A week on and ref Trevor Kettle is still being talked about in Preston – and not with any fondness either.
You would trust that his ears have been burning these last few days with regards that ever-so-controversial refereeing performance in PNE’s 1-1 draw with Wolves.
Two red cards, some yellows as well, not to mention a whole host of inconsistency.
Yet will it ever become public knowledge what was behind some of his thinking and how Mr Kettle’s afternoon was seen through the eyes of the Football League assessor?
I won’t rake over old coals too much in respect of some of the decisions, which had the North End faithful shouting themselves hoarse in despair.
He got Joe Garner’s red card correct in respect of the height of his raised boot, even if contact with the Wolves player was minimal.
But was there the need to have the red card in his hand before Garner and Danny Batth had seemingly hit the deck? Taking a deep breath, having a moment’s thinking time before dipping into his pocket could well have altered public perception.
John Wayne probably never drew a pistol from his holster as quickly as Mr Kettle did in pulling out red.
Bailey Wright’s dismissal was softer than a fluffy mattress – both yellows bordering on harsh, the second in particular.
As for the inconsistency, the 90 minutes was littered with it, that probably causing more frustration than the red cards.
Sometimes, I think it would be good to talk in such situations.
Would it help to provide referees with an opportunity to give their version of events?
I am not saying that should happen in every game, with every kick, shove and offside scrutinised.
But if an official has given a decision which many are choosing to disagree with, and at the same time call the referee every name under the sun, why not allow them to give their side of things?
It might be that we have to agree to disagree on a particular decision but at least it would be all out there in the public domain.
A few questions from the media – it doesn’t have to be a grilling – and we get a picture of what a referee were thinking.
On the occasions when I have spoken to referees in this job, I have found them to be very decent people and passionate about their job.
Such interviews have been after a late postponement of a game – at Crawley and Bury.

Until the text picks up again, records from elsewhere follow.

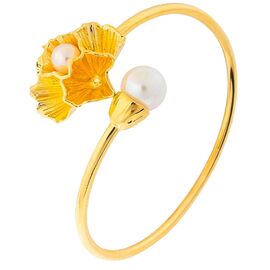 Золотой браслет с жемчугом Majorica Flowers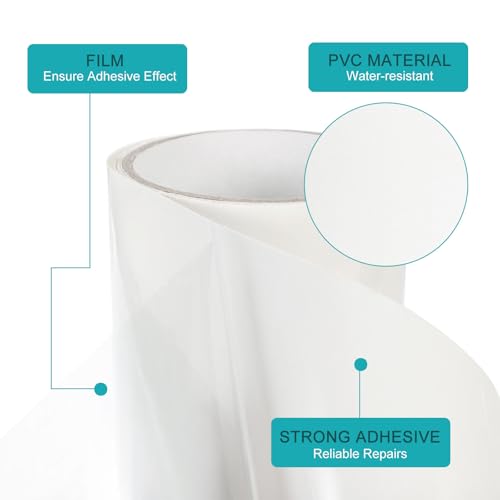 Image of MECCANIXITY Waterproof Patch Seal Tape 8 in x 5 Ft, PVC Leak Proof Repair Sealing Duct Tape for HVAC, Roof Crack, Boat, Hoses Pipes, Awning, White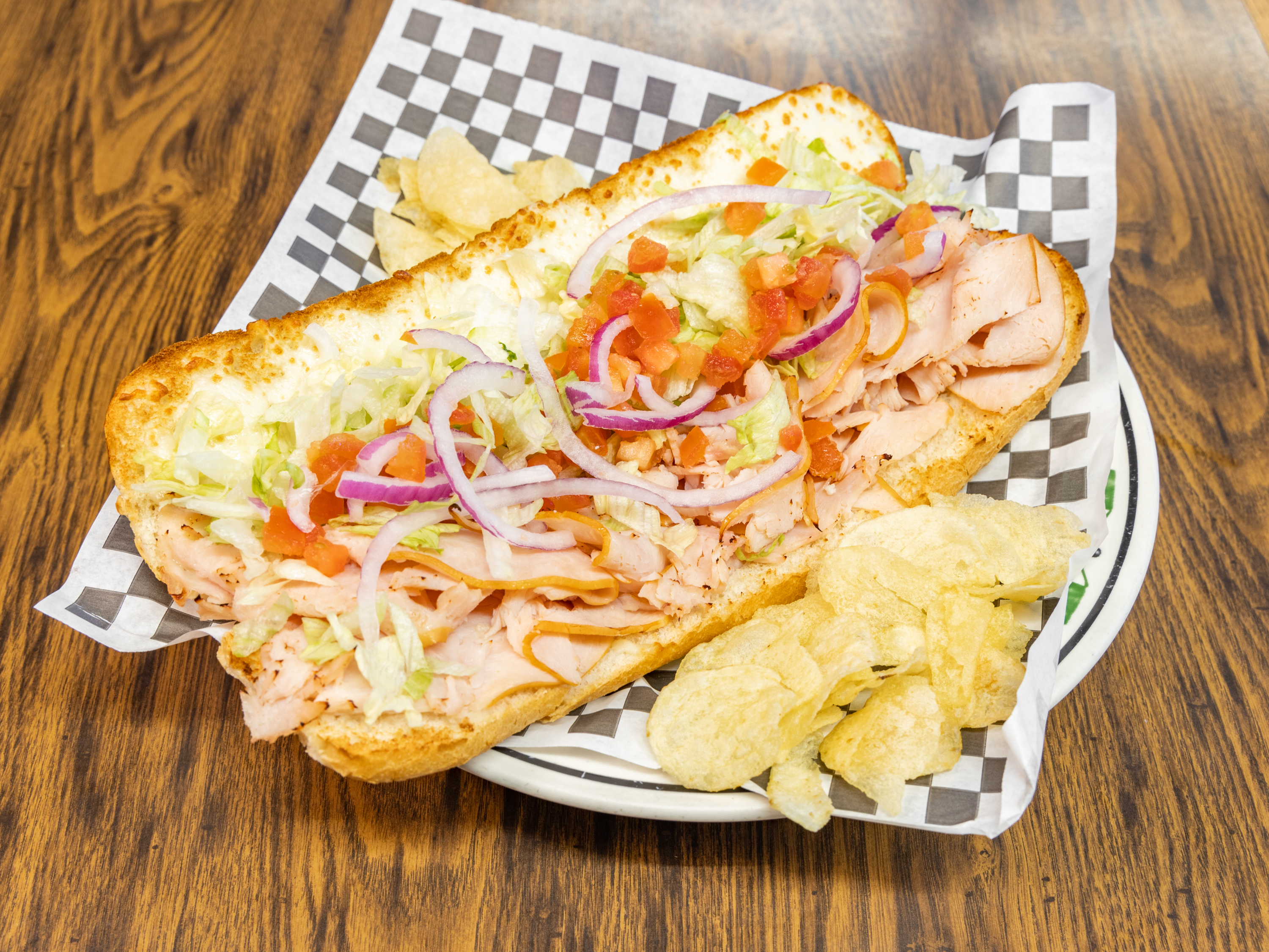 Order Turkey Sandwich food online from Pizza Chalet & Johnnies Broasted Chicken store, Yucaipa on bringmethat.com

Both referees were only too happy to come for a chat to explain why they had been forced into the action they had.
In a matter of minutes, the circumstances had been explained and then relayed to supporters.
Why not give referees such an option for contentious decisions? It would have been interesting to hear Mr Kettle’s view on the red card for Garner, and why Wright deserved two yellows when two Wolves players got away with similar indiscretions?
It might not have been met with universal agreement but at least we would have had a few answers.
How much the banned Garner and Wright are missed against Sheffield Wednesday, we shall see later on.
Perhaps the absence of Garner is softened slightly by the fact he had not yet scored this season.
But ask any North End fan if they would prefer to have him leading the line at Hillsborough, and I know what the answer would be from the majority.
Garner has edge and instinct in his game – take that early shot he had against Wolves which whistled inches wide.
Surely if he keeps plugging away after his ban, a goal will come from him.
Moving away from Deepdale and out towards the north tip of the Fylde coast, it was sad to see the Graham Alexander sacked by Fleetwood this week.
Judging by the many messages of support sent his way in the wake of Wednesday teatime’s news, Grezza is still held in the highest regard in the Preston area.
The sack is not a pleasant experience for a football manager but most will be on the receiving end at some point in their career.
I predict that Grezza will be back in the game sooner rather than later, perhaps after a brief break to re-energise himself.
The time managers are spending in jobs is getting shorter.
It is interesting to note that following the exits of Grezza and Steve Evans from their posts, PNE’s Simon Grayson is now the 17th longest-serving boss in the four divisions, with two years and seven months’ service under his belt.